The act was enacted in tandem with the McKinley Tariff of 1890. William McKinley, an Ohio Republican and chairman of the House Ways and Means Committee worked with John Sherman, the senior Republican Senator from Ohio, to create a package that could both pass the Senate and receive the President's approval.

Under the Act, the federal government purchased millions of ounces of silver, with issues of paper currency; it became the second-largest buyer in the world, after the government of India. In addition to the $2 million to $4 million that had been required by the Bland-Allison Act of 1878, the U.S. government was now required to purchase an additional 4.5 million ounces of silver bullion every month.
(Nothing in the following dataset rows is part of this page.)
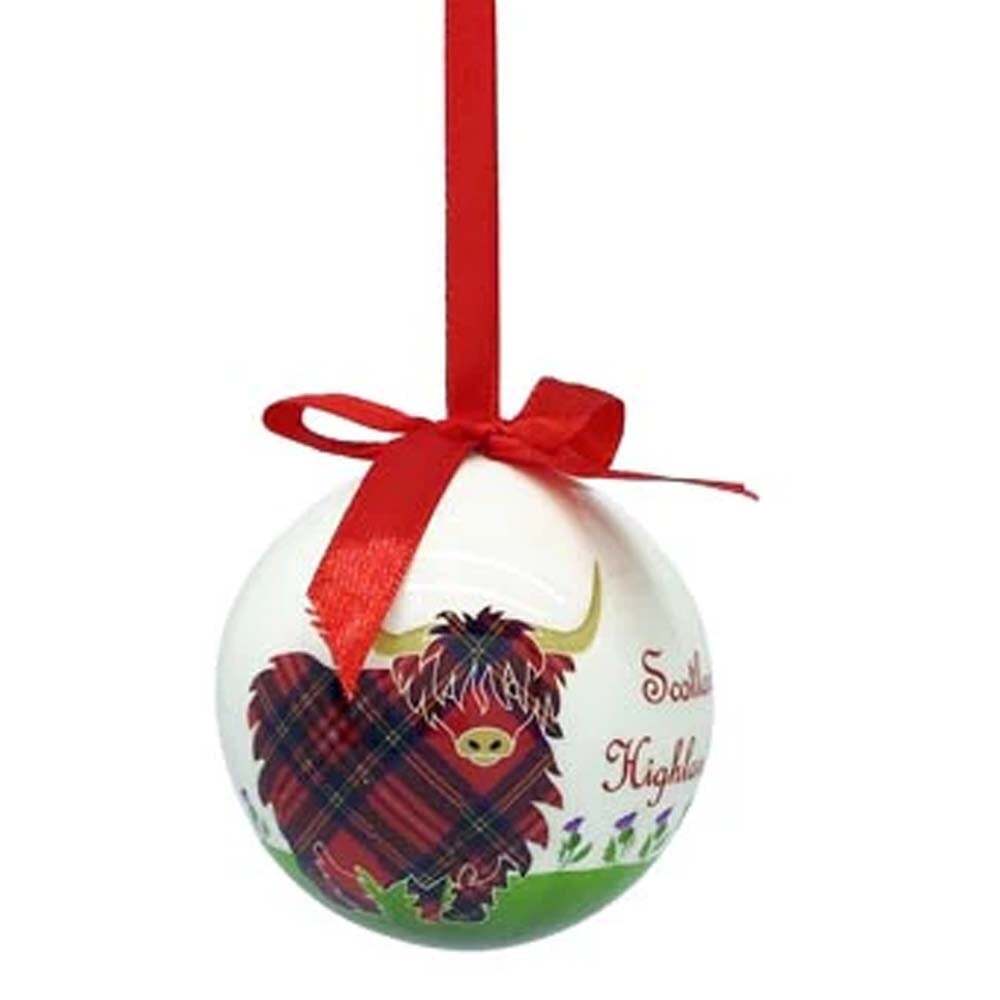 Islandcraft Highland Cow Bauble in Gift Box CL-88-409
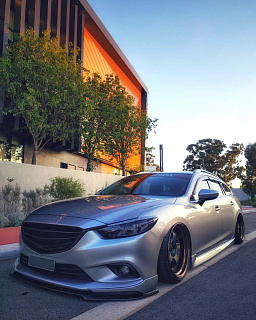 Реснички на фары var №1 Mazda 6 / Atenza GJ (2012 - 2018) + УСТАНОВОЧНЫЙ КОМПЛЕКТ
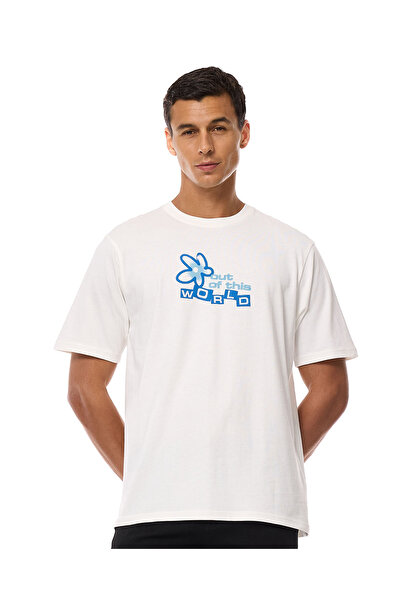 R&B Printed T-Shirt with Crew Neck and Short Sleeves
The law required the Treasury to buy the silver with a special issue of Treasury (Coin) Notes that could be redeemed for either silver or gold. That plan backfired, as people (mostly investors) turned in the new coin notes for gold dollars, thus depleting the government's gold reserves. The reduction of receipts of specie in payment of the tariff, from the curtailment of imports under the McKinley Tariff, compounded the problem. After the Panic of 1893 broke, President Grover Cleveland oversaw the repeal of the Act in 1893 to prevent the depletion of the country's gold reserves. Banker J. P. Morgan stepped in to form a syndicate that saved the U.S. with a massive gold loan, for which he received a commission. Nevertheless, Morgan succeeded in saving the nation from bankruptcy. While the repeal of the Act is sometimes blamed for the Panic, the Panic was already well underway.[2]